*Task instructions*. Copy each line of the records below that has "John" in it.

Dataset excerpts
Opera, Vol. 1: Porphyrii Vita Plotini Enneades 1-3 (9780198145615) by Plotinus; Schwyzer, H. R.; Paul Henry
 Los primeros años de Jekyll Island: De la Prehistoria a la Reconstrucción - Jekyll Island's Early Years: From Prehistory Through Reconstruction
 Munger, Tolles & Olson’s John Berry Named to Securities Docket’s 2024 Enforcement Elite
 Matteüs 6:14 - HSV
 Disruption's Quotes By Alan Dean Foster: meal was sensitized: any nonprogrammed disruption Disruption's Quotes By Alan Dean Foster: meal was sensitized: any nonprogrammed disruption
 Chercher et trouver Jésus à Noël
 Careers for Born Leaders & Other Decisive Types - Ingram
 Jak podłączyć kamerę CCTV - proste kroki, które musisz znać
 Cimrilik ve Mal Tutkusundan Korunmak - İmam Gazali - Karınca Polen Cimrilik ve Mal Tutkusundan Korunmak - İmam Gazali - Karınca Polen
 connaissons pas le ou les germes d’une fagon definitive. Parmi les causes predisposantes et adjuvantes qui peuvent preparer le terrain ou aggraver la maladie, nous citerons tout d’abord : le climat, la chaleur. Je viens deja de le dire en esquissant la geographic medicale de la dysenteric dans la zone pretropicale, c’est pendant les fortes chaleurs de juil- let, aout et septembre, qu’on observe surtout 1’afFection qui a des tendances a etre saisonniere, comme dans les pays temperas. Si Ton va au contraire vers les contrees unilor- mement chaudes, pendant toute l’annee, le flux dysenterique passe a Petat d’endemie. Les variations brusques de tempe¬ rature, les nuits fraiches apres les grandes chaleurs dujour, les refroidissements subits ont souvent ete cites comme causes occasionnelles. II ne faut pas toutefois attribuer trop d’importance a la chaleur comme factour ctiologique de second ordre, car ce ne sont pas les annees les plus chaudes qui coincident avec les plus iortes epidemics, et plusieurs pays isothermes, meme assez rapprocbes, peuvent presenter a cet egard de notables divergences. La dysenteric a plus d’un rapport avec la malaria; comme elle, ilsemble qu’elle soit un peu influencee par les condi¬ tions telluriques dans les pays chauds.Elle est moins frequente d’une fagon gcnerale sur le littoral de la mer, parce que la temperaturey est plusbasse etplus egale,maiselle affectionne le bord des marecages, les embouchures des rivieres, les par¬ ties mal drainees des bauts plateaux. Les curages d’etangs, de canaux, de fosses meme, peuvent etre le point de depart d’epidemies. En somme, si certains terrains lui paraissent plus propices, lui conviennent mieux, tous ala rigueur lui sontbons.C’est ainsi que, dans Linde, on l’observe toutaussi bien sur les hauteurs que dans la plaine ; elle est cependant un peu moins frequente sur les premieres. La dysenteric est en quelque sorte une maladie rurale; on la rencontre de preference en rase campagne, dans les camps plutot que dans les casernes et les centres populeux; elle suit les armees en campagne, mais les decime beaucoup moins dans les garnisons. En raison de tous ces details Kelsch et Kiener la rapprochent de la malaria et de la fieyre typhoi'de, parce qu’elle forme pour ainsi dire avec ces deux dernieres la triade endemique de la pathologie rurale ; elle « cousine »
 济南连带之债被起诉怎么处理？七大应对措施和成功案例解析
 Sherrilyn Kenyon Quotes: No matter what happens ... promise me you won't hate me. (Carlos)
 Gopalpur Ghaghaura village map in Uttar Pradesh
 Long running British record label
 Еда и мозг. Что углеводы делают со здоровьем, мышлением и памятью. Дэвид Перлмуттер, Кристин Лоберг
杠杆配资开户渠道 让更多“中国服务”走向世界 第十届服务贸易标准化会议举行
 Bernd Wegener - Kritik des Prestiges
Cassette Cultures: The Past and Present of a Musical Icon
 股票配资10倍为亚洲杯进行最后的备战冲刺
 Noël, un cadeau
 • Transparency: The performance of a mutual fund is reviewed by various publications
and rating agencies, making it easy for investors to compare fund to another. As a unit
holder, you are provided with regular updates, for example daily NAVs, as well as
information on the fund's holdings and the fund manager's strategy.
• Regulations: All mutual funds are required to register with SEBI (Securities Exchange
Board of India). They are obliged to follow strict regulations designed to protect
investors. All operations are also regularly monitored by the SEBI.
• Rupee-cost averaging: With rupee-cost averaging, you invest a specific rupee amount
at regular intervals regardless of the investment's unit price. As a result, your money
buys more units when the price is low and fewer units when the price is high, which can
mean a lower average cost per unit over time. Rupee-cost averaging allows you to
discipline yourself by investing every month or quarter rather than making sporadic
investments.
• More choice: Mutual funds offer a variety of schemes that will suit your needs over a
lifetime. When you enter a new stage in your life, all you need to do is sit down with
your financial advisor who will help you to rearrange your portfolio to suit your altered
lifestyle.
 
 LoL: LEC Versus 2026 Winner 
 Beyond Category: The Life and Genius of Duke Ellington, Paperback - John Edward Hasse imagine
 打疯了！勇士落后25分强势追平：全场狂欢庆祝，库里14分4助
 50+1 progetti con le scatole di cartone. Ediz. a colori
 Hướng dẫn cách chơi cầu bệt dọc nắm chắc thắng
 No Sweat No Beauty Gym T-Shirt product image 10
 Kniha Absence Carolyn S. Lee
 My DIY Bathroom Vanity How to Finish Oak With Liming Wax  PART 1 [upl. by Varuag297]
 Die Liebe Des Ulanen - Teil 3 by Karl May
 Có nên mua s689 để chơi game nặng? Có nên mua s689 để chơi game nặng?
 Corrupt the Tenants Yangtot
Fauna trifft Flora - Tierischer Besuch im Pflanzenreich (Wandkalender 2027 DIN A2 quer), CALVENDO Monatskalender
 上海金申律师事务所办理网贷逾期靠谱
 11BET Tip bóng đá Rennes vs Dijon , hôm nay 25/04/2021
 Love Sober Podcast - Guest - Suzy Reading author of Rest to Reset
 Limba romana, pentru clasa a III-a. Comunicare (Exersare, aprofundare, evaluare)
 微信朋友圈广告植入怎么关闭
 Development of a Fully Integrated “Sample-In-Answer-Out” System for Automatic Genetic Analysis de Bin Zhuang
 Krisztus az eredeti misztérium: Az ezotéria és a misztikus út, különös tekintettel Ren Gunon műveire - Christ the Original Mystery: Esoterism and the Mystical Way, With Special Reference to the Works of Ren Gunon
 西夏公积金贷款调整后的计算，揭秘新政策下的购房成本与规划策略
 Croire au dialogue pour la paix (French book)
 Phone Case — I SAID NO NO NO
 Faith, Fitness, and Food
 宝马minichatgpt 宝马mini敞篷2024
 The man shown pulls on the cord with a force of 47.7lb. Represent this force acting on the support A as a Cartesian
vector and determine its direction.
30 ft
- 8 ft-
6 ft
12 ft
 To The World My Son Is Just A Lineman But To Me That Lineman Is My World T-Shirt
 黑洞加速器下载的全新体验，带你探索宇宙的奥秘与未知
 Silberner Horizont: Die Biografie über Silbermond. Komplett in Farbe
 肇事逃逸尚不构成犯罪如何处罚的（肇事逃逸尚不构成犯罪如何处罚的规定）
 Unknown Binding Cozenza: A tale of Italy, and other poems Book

*Written solution*.
 Munger, Tolles & Olson’s John Berry Named to Securities Docket’s 2024 Enforcement Elite
 Beyond Category: The Life and Genius of Duke Ellington, Paperback - John Edward Hasse imagine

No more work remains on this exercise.